Membangun Integritas Karyawan, Mulai Dari Mana?
Ricky Virona Martono

Jika ada rumah seorang warga kemalingan seekor ayam, bukan berarti seluruh rumah warga dalam satu RW harus dijaga oleh pihak keamanan.

Di Indonesia, pegawai Ditjen Bea Cukai dan Pimpinan KPK (Komisi Pemberantasan Korupsi) menandatangani Pakta Integritas agar menjalankan tugas sebaik-baiknya dalam melayani stakeholder. Di sini jelas bahwa mereka mengelola dan menjaga uang masyarakat yang dibayarkan kepada Negara. Di sisi lain, kesejahteraan karyawan Ditjen Bea Cukai dan KPK ditingkatkan agar mereka sendiri tidak lagi mencari peluang mengambil uang rakyat karena alasan kesejahteraan yang minim.
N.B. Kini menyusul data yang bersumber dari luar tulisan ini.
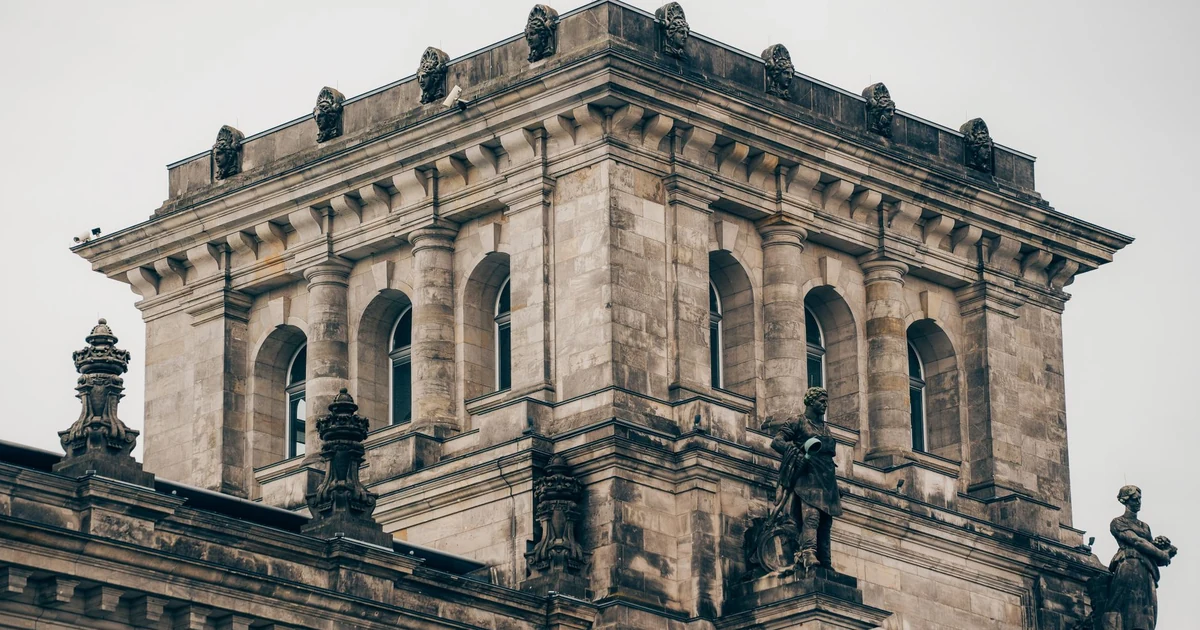 Arquitectura histórica y turistas paseando por una plaza europea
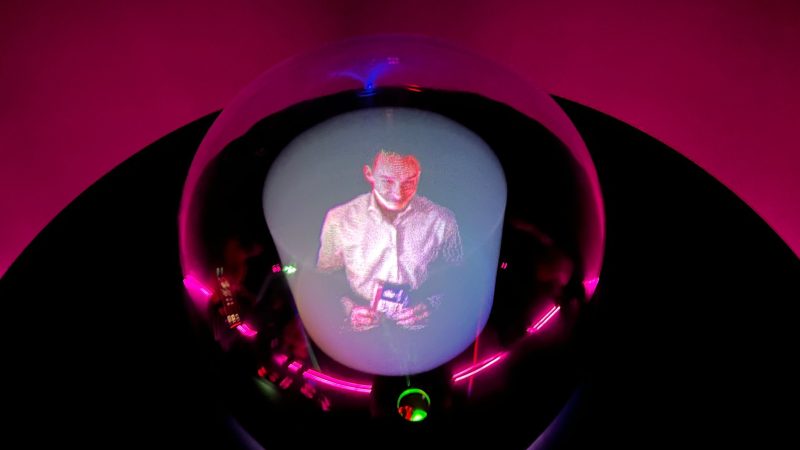 Die Telekom präsentiert auf der Mobilfunk-Messe Mobile World Congress in Barcelona einen Router mit Glaskugel, der Hologramm-Telefonie ermöglichen soll.
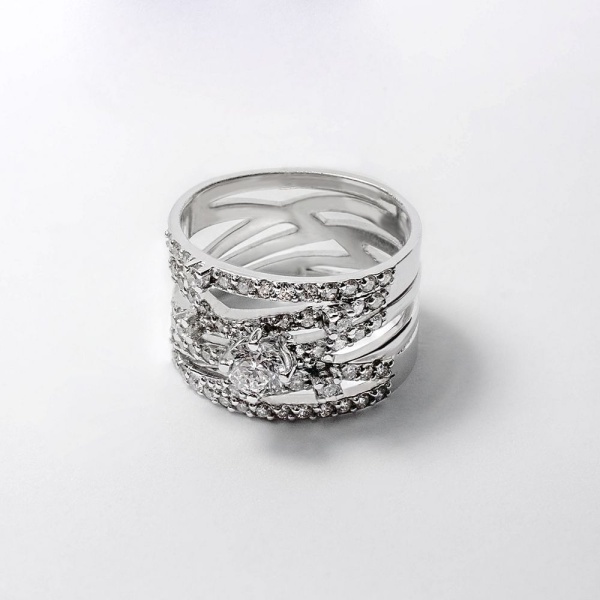 Кольцо из белого золота с бриллиантами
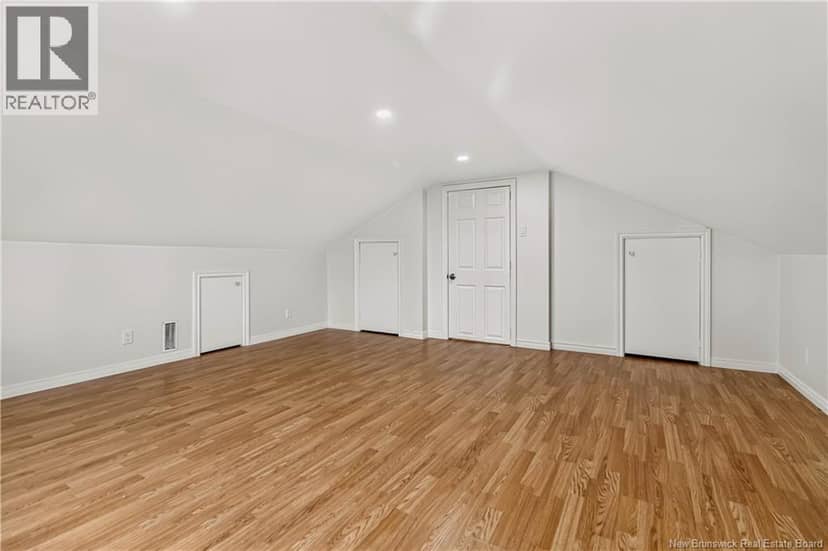 147 Waverley Avenue — photo 19 of 32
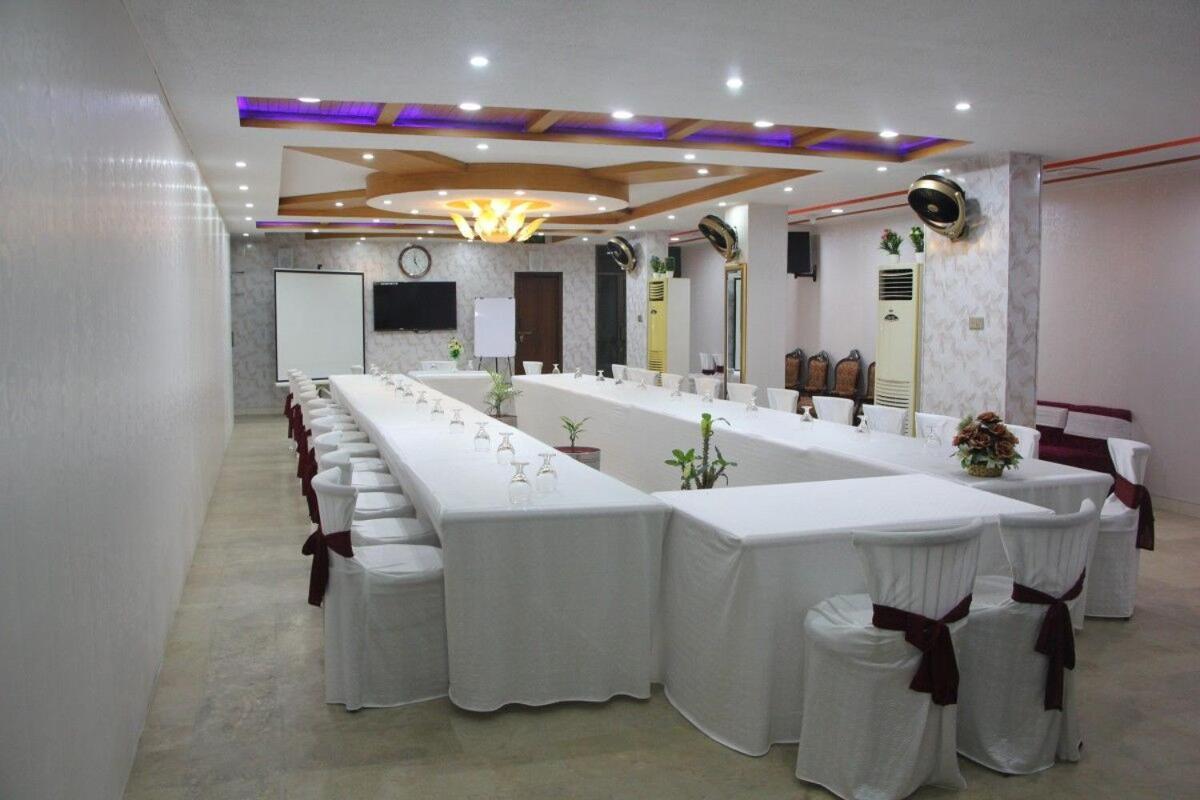 Hotel The Leschanze Lahore Ngoại thất bức ảnh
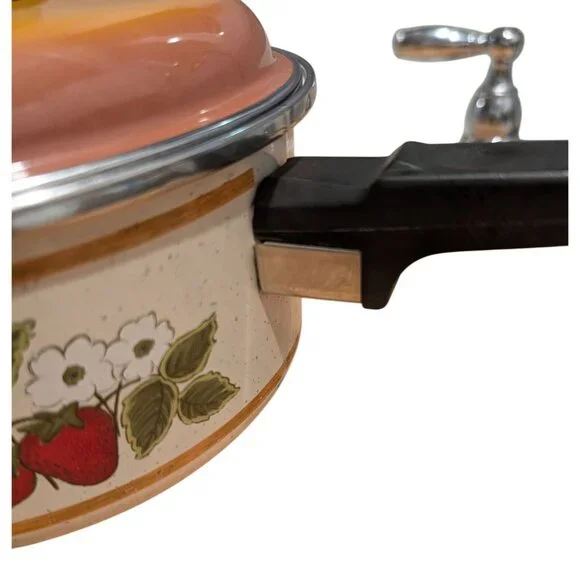 Vintage Strawberry Fields 2 Quart Enamel Cooking Pot with lid - Picture 16 of 16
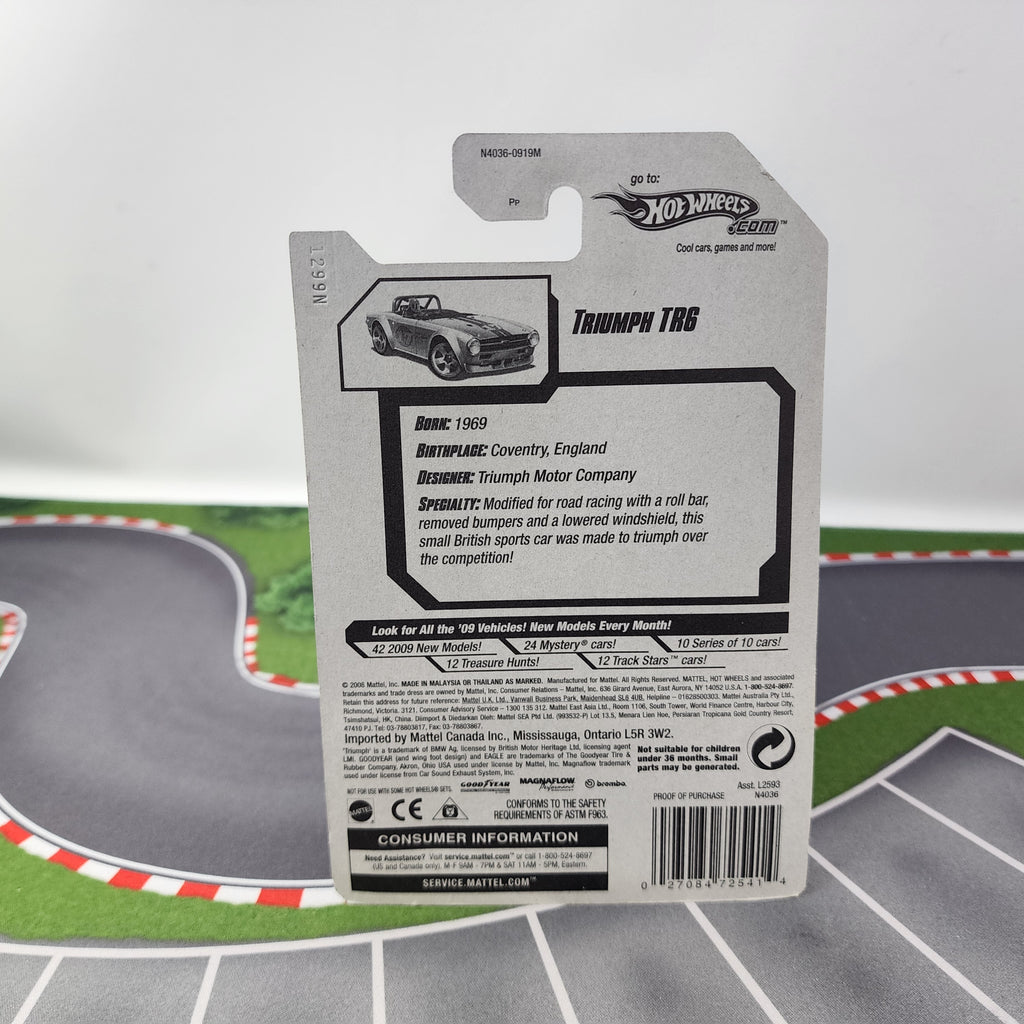 Triumph TR6 #33 * Silver * 2009 Hot Wheels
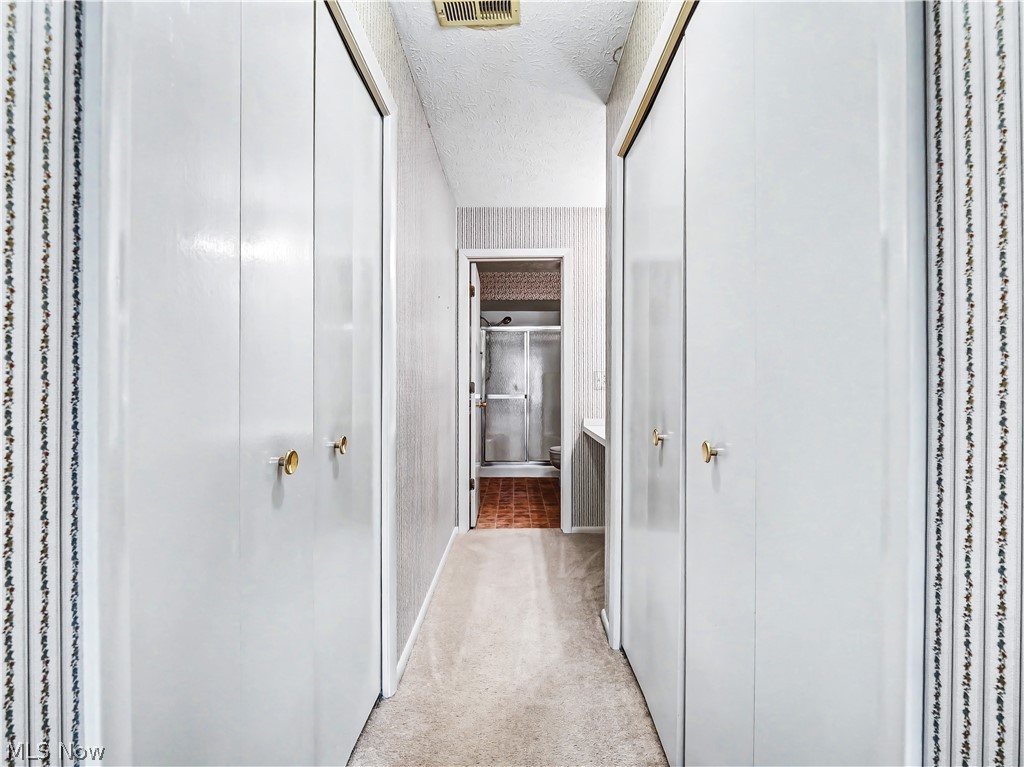 1207 W River Road N D3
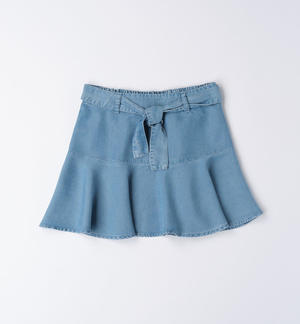 Girl's mini skirt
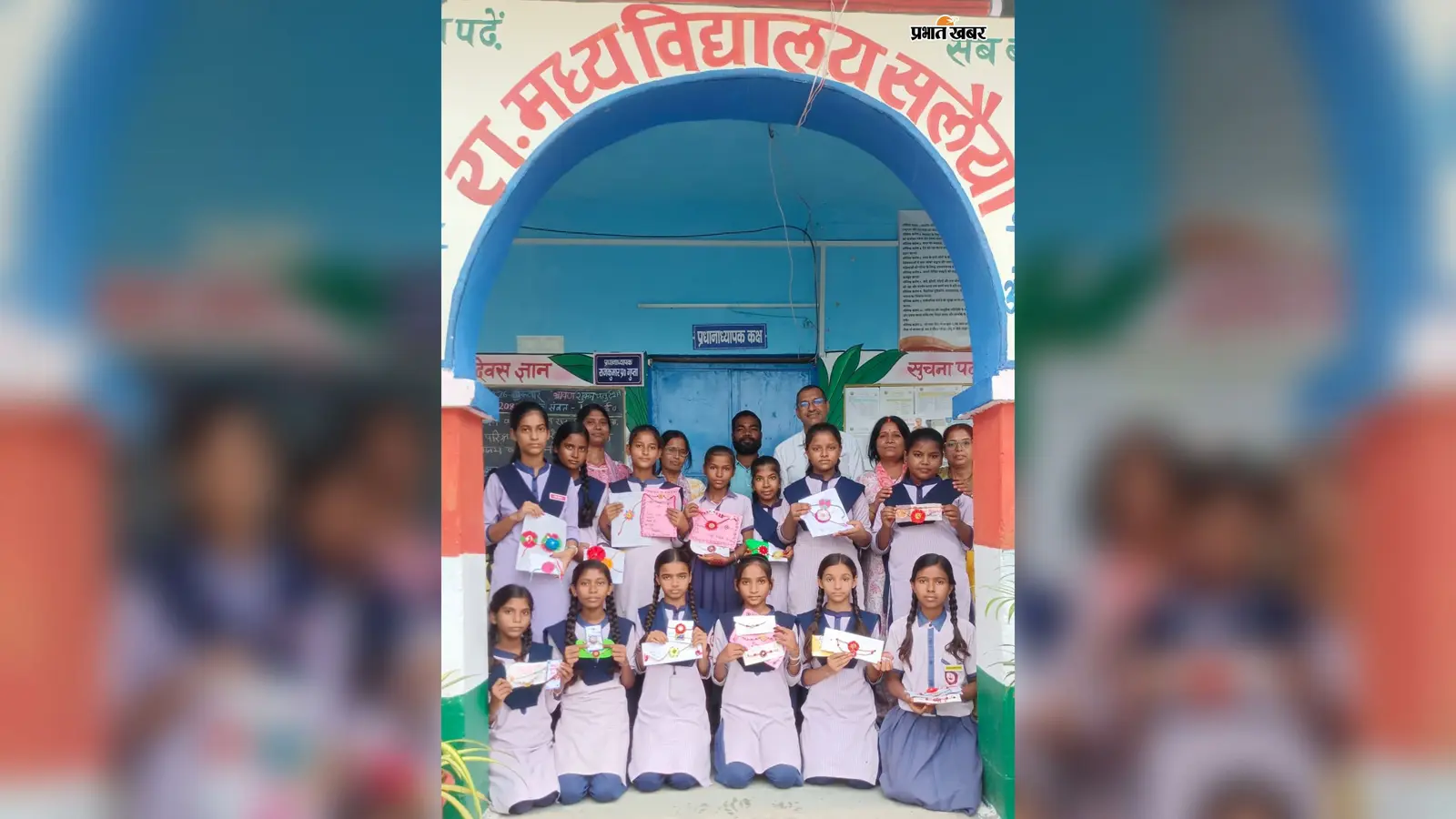 मदनपुर में कबाड़ से जुगाड़ कर बच्चों ने बनाई आकर्षक राखी, पर्व पर दिखी रचनात्मकता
Kebanyakan perusahaan sebenarnya tidak menuntut integritas karyawan melalui sebuah Pakta, apalagi bermaterai, namun cukup dengan gentlemen agreement bahwa perusahaan dan karyawan menjalankan Peraturan Perusahaan, serta menunjukkan sikap yang komitmen terhadap integritas.

Langkah awal menumbuhkan integritas karyawan adalah dari pihak manajemen puncak yang menunjukkan integritas dan kepedulian kepada karyawan, apalagi untuk isu-isu yang sering dikeluhkan karyawan, misalnya isu terkait remunerasi, ataupun isu penangguhan peminjaman fasilitas aset yang mendukung pekerjaan, laptop misalnya.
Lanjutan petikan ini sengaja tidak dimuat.